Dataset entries
· · · · · · ·

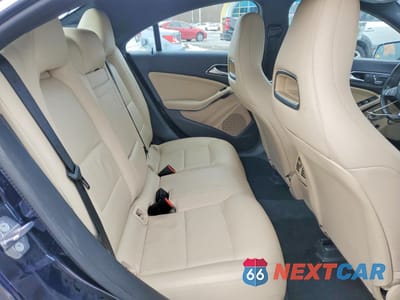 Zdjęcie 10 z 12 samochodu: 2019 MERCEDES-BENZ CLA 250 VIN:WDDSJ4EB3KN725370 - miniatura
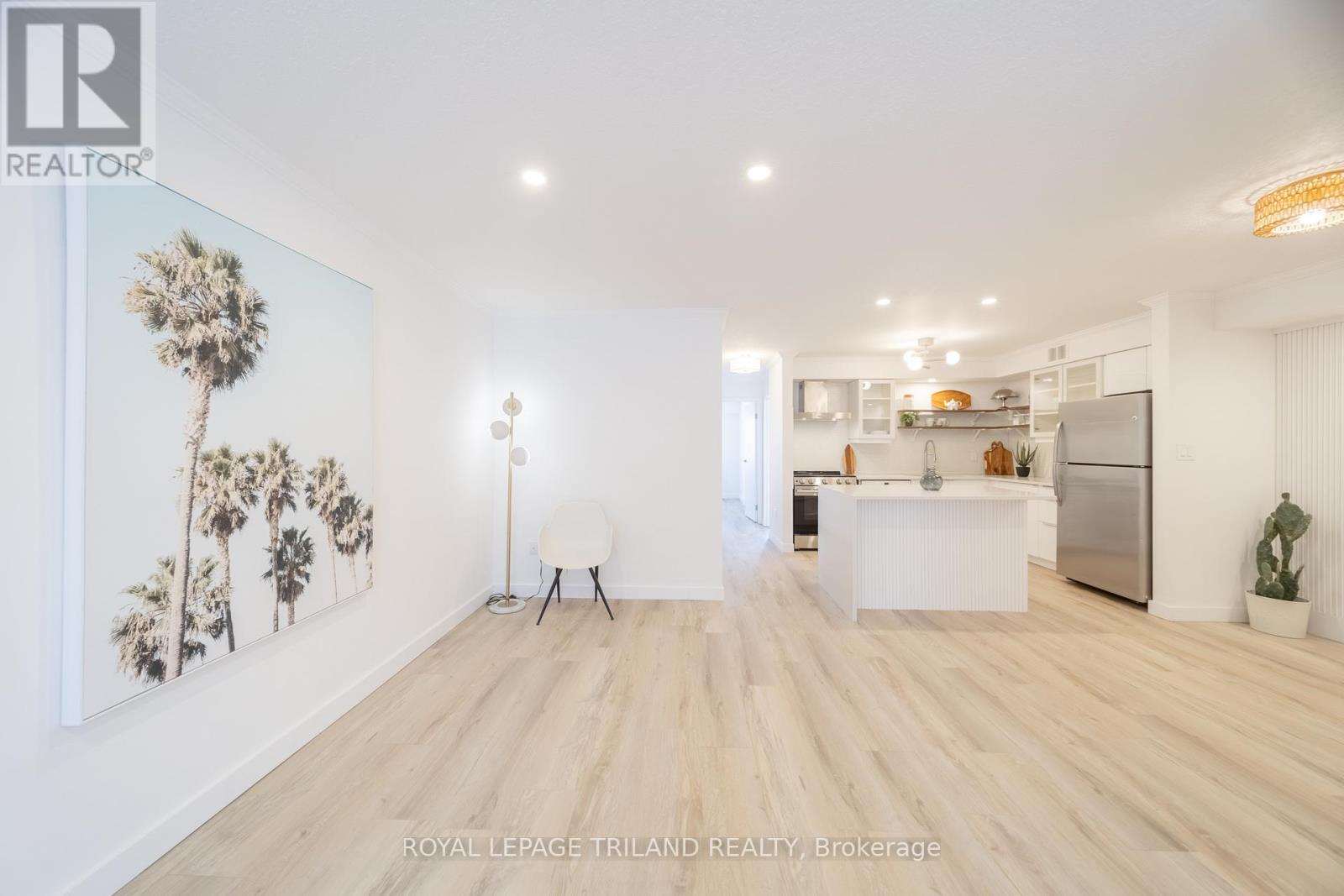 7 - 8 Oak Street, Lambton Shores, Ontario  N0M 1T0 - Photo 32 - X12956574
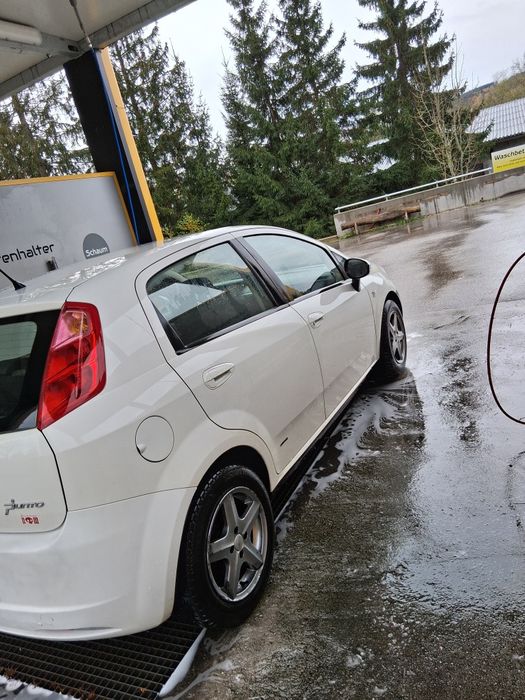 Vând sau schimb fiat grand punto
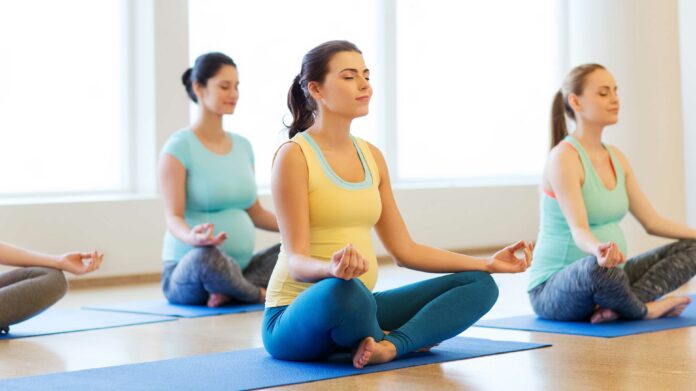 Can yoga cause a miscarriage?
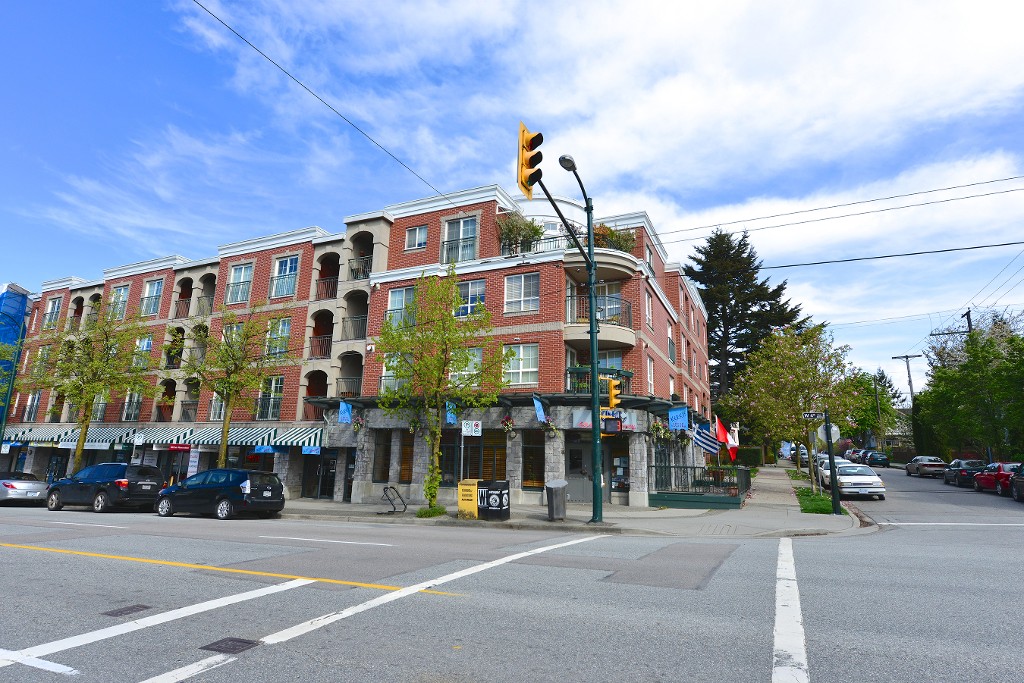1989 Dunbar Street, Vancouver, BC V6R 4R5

· · · · · · ·

The records above should be copied word for word, with the pictures left out.

Solution for this exercise:
 Zdjęcie 10 z 12 samochodu: 2019 MERCEDES-BENZ CLA 250 VIN:WDDSJ4EB3KN725370 - miniatura
 7 - 8 Oak Street, Lambton Shores, Ontario  N0M 1T0 - Photo 32 - X12956574
 Vând sau schimb fiat grand punto
 Can yoga cause a miscarriage?
1989 Dunbar Street, Vancouver, BC V6R 4R5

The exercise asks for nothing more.